Caro Curcio con la retorica di guerra abbiamo dato. Fabrizio Curcio ha riesumato la retorica di guerra, ma in Lombardia abbiamo visto, vissuto e siamo sopravvissuti (per ora) alle prime ondate di Sars-Cov-2. Giovani, vecchi, alti, bassi, tutti hanno partecipato a questa tragedia collettiva. E ci raccontavano di tenere duro. Che eravamo in guerra con il virus. Che bisognava fare sacrifici per la vittoria finale.
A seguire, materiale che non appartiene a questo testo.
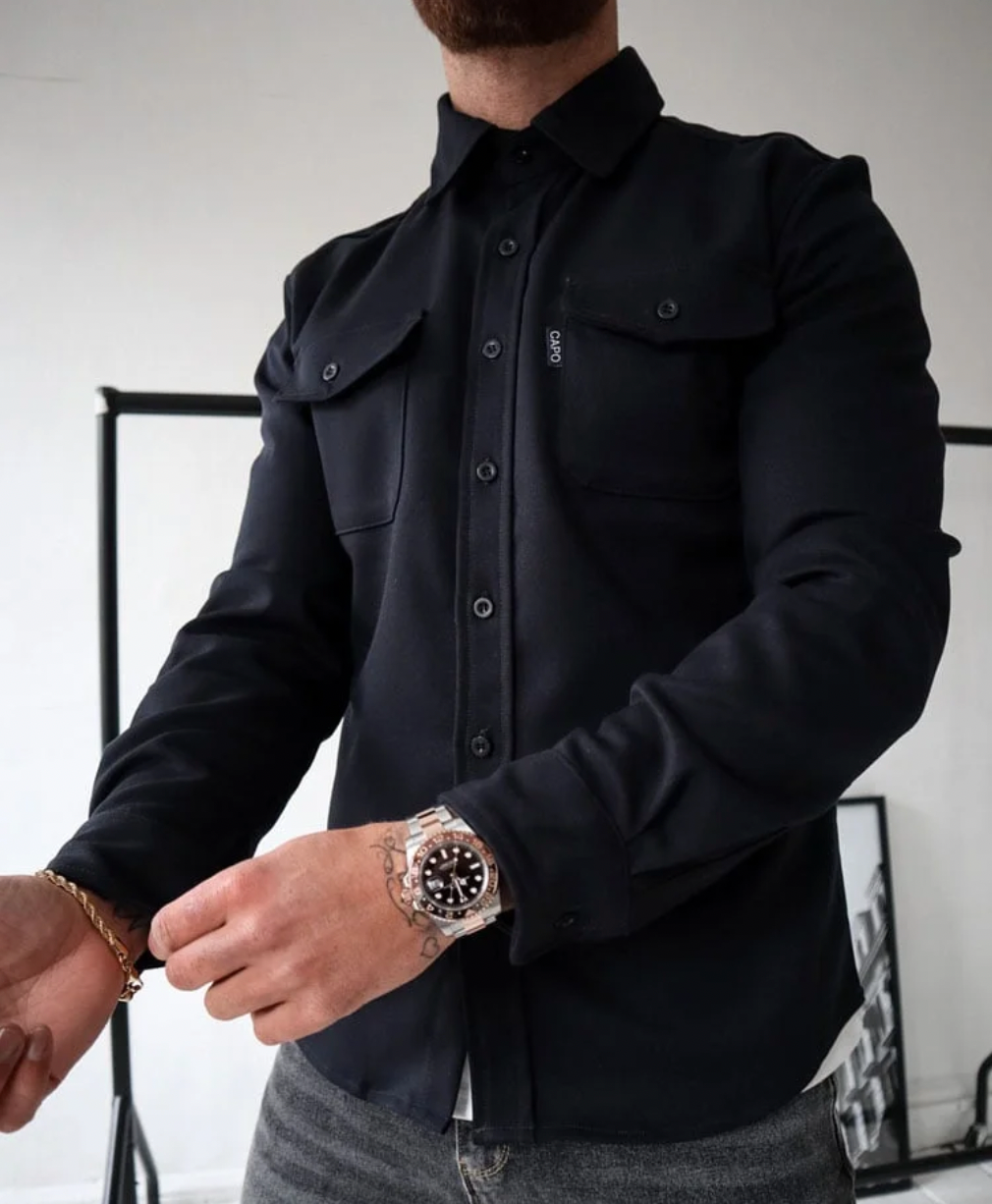 Lennox | Hemdjacke Herren Atmungsaktiv Stylisch Komfortabel Casual Fit 5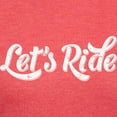 thumbnail image 3 of CafePress - Let's Ride Women's Deluxe T Shirt - Womens Tri-blend T-Shirt, 3 of 4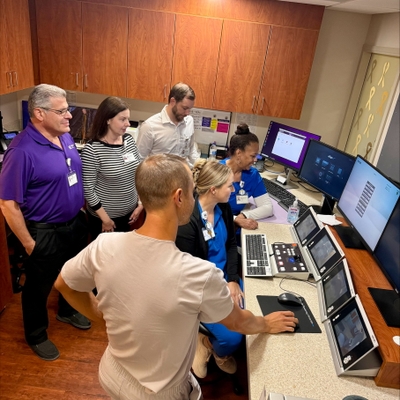 Novant Health radiation therapy team 3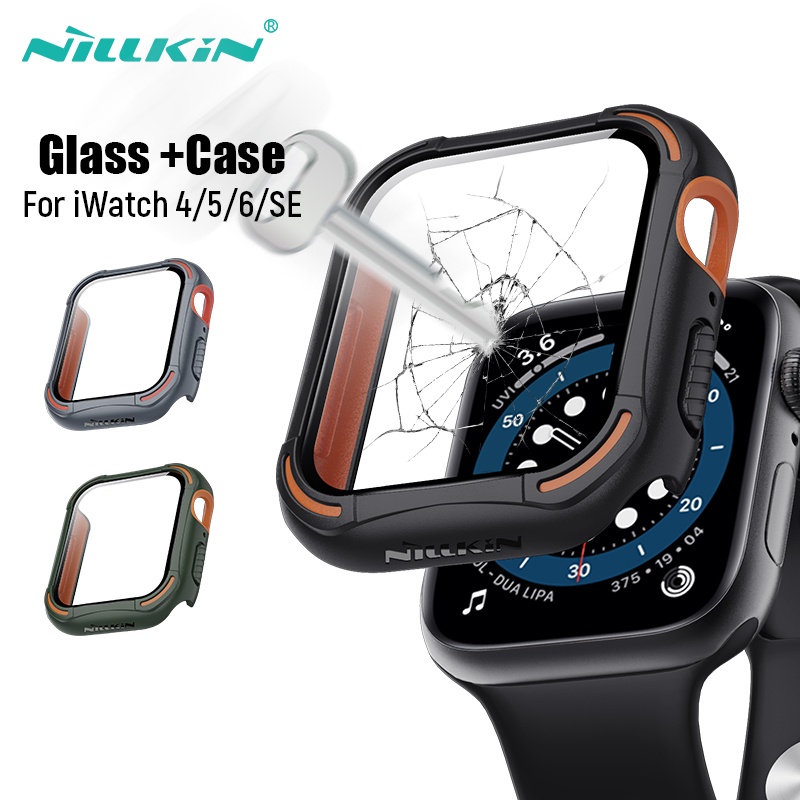 NILLKIN For Apple Watch Case 44mm 4/5/6/SE iWatch Case Screen Protector Bumper Accessories For Apple Watch series 40mm 4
Per l’ennesima volta mandati al fronte con le scarpe di cartone in uno scontro che non si poteva vincere. Ma abbiamo tirato avanti lo stesso. Ci siamo detti che avremmo dimenticato e saremmo andati oltre. Invece ci hanno chiuso le trincee Covid per poi doverle riaprire quando la situazione si è messa di nuovo male. Il classico caso di italiani in comando che si concentrano a chiedere soluzioni straordinarie, ma caro Curcio se gli dai il potere di emettere leggi speciali chiunque può compiere gesti straordinari. Allora perché dovrebbero darvene ancora? Veniamo da un anno di poteri speciali e state buttando miliardi in mance o discussioni inutili. Una cosa dovevate fare: trovare il modo di lasciarci vivere, non sopravvivere perché non siamo agnelli da sacrificare a ogni emergenza. Quindi caro Curcio con la retorica abbiamo dato, non venire in Lombardia a raccontarcela. Se sei l’ennesimo miracolato della politica, amen. Siamo pieni di incapaci al comando. Almeno però non venire a raccontare fandonie o fare promesse. Se vieni a fare qualcosa bene, se no torna a Roma. Lì le persone amano parlare per riempire il vuoto intorno a loro. Qui le chiacchiere ci piace farle dopo il lavoro davanti a un Negroni sbagliato. Capito Curcio? Prima si lavora, poi si parla. Questa è Milano.